I believe the root cause of this problem is the fact that we only maintain a single role per type parameter, while in fact what we need is a role *range* (i.e., and lower and upper role bound) to specify what inferences can be made about a type. Here's how it works.
Every type parameter is ascribed a role range, specifying the possible roles by which the type parameter might possibly be used. For example, if I write data T a = MkT a
, a
is used exactly at representational role, but we could also say that a *might* be used nominally, giving the role range nominal-representational.

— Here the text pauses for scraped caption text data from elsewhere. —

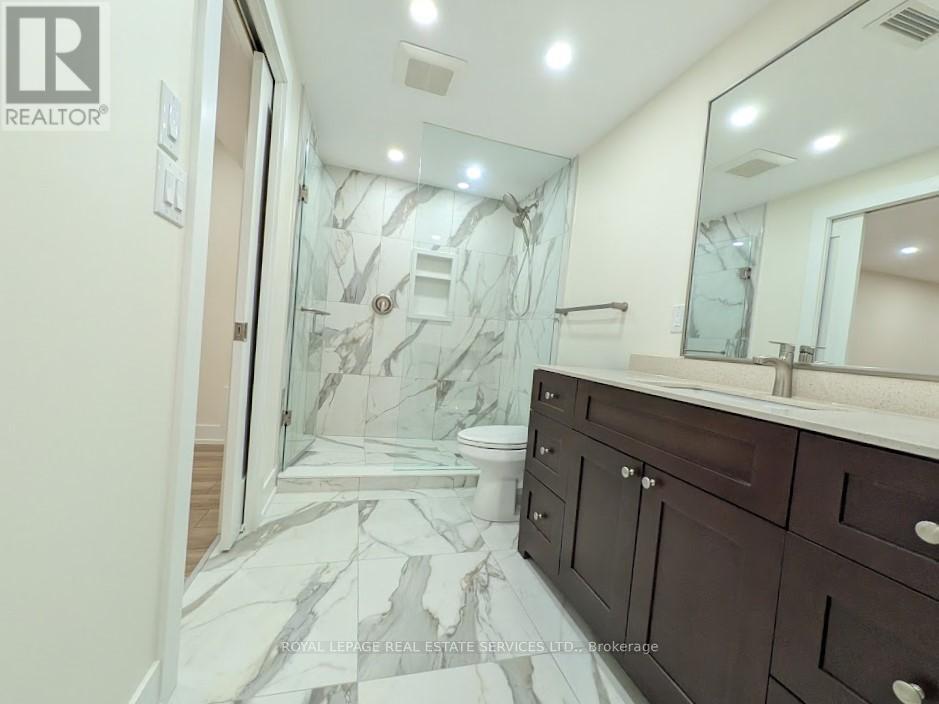 












65 VILLAGEWOOD COURT

,
Vaughan,




Ontario
L4L8V9

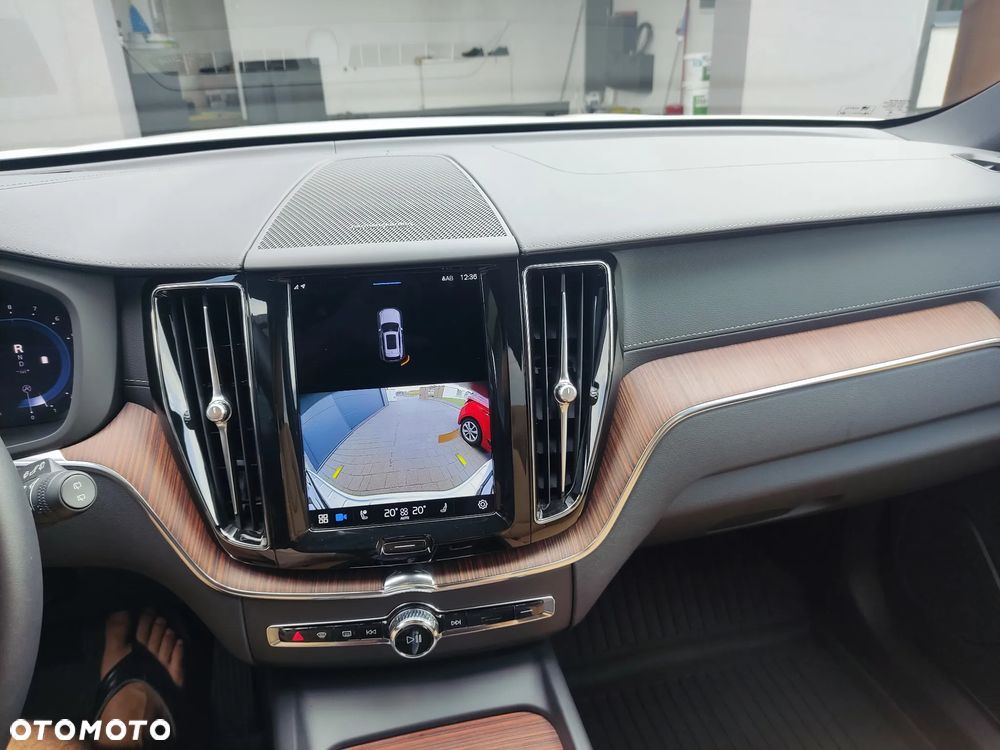 Volvo XC 60 B5 B AWD Ultimate Bright - 6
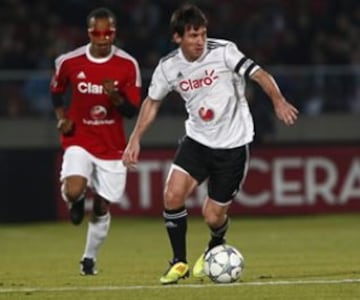 Edgard Davis: El holandés (de rojo) vino a Chile a jugar un partido de exhibición de Messi y sus amigos.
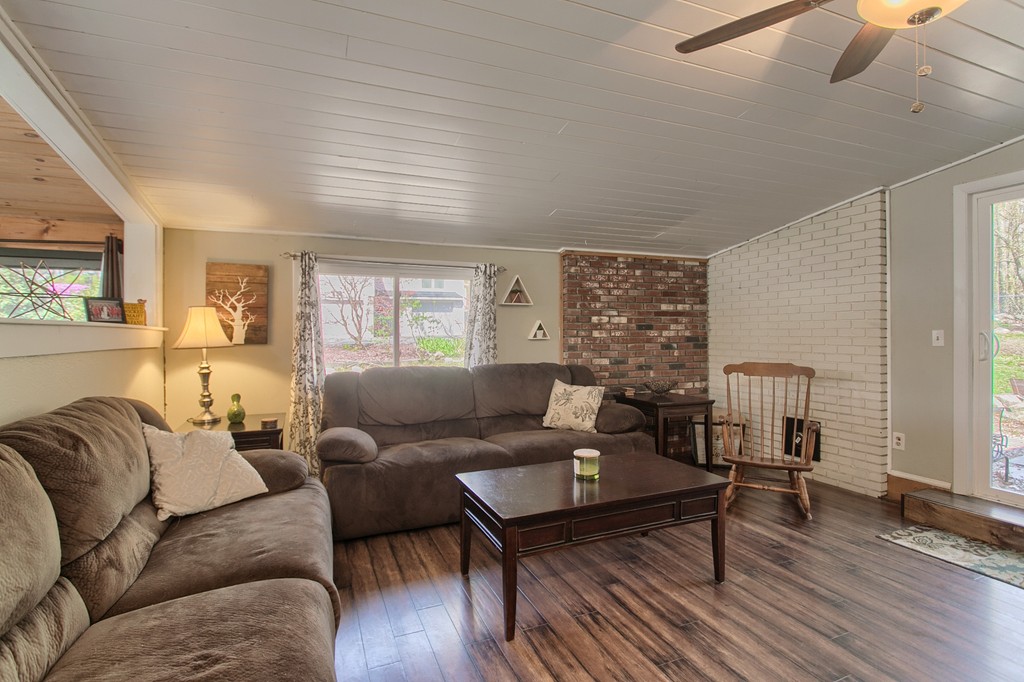 58 Pepper Road Fitchburg, MA 01420 - Photo 6 of 30 Gallery Image 6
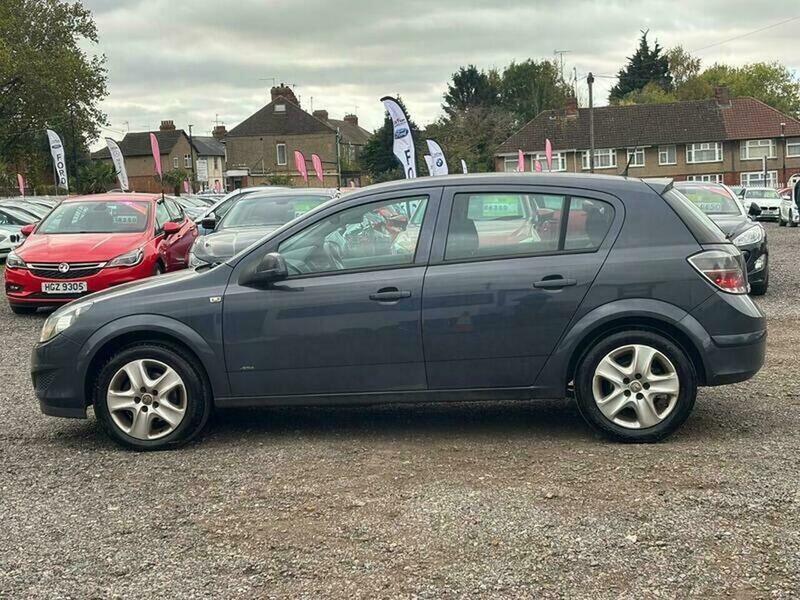 2011 Vauxhall Astra 1.6 16v Active Euro 5 5dr • 145,000 miles image 7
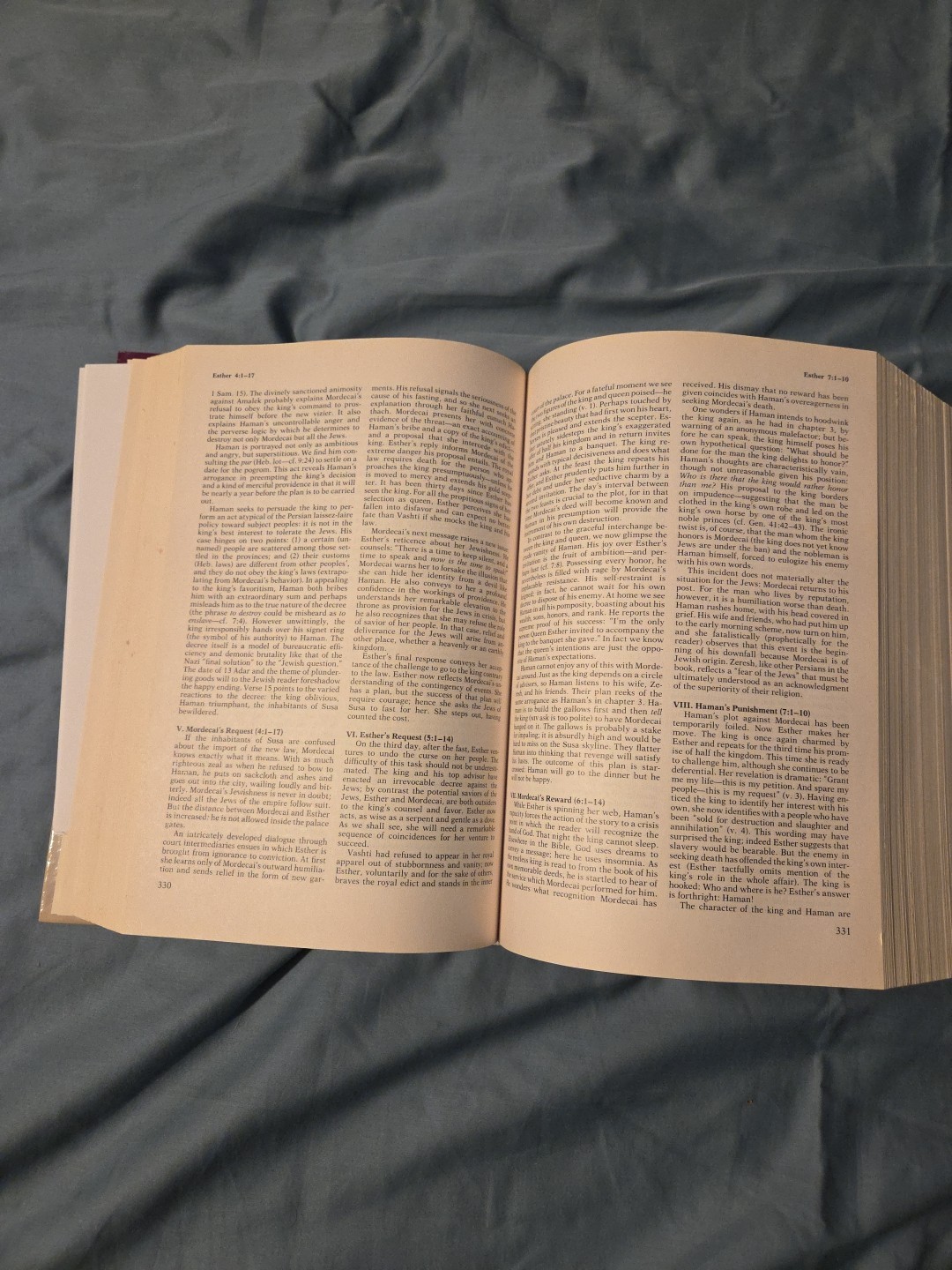 Baker Commentary on the Bible: NIV Edition – Very Good Hardcover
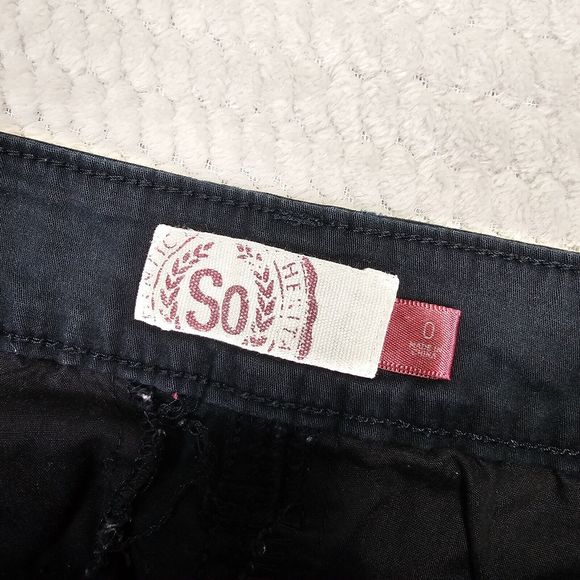 Women's SO Shorts Black Shorty Shorts Nice and comfortable Size 0 - Picture 5 of 14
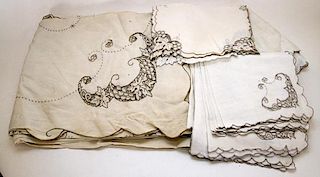 LINEN OPENWORK TABLE CLOTH AND NAPKINS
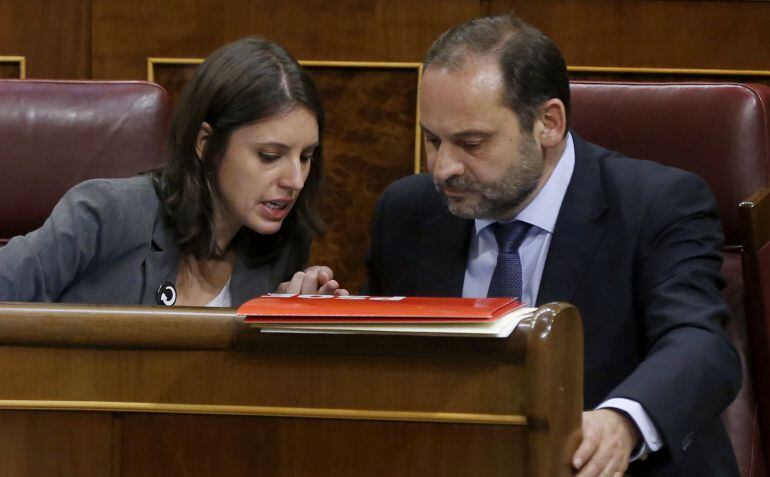 El nuevo portavoz parlamentario del PSOE, José Luis Ábalos conversa con la portavoz de Unidos Podemos, Irene Montero.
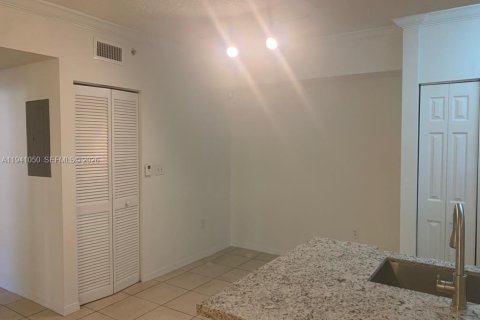 Снять в аренду кондоминиум в Пемброк-Пайнс, Флорида 1 спальня, 64.1м2, № 1998100 - фото 10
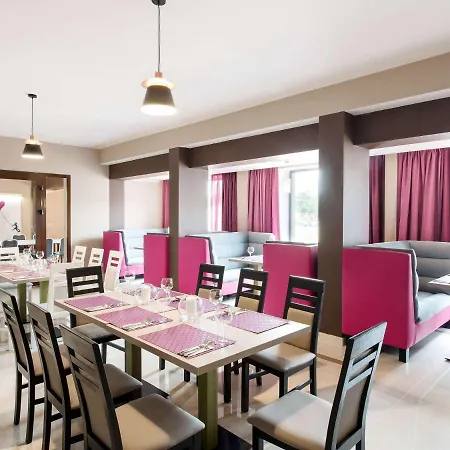 Ibis Styles Stare
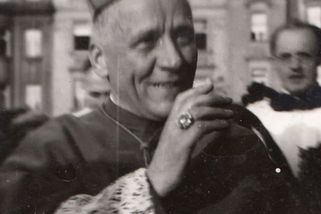 Soud rehabilitoval kardinála Berana. Komunisté ho v internaci drželi roky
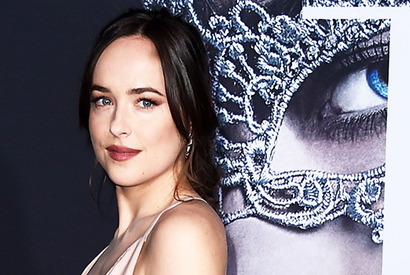 ダコタ・ジョンソン、『フィフティ・シェイズ・ダーカー』で母に向けたシーンがあると明かす 画像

The lower bound (nominal is lowest in subroling) specifies at what role the application rule is valid: if I say that the role is at least nominal, then I must provide a ~N b
evidence to show that T a ~R T b
. The upper bound (phantom is highest) specifies at what role the decomposition rule is valid. If I say that the role is at most phantom, I learn nothing from decomposition; but if I say the role is at most representational, when T A ~R T B
, I learn A ~R B
. Clearly, the role range nominal-phantom permits the most implementations, but gives the client the least information about equalities.
How do we tell if a role range is compatible with a type? The lower bound (what we call a role today) is computed by propagating roles through, but allowing substitution of roles as per the subroling relationship N <= R <= P
. To compute the upper bound, we do exactly the same rules, but with the opposite subroling relation: P <= R <= N
.
Some examples:
type role T representational..representational
newtype T a = MkT a
-- T a ~R T b implies a ~R b
type role T nominal..representational -- NB: nominal..nominal illegal!
newtype T a = MkT a
-- T a ~R T b implies a ~R b, BUT
-- a ~R b is insufficient to prove T a ~R T b (you need a ~N b)
type role T nominal..phantom -- NB: nominal..representational illegal!
newtype T a = MkT Int
-- T a ~R T b implies a ~P b (i.e. we don't learn anything)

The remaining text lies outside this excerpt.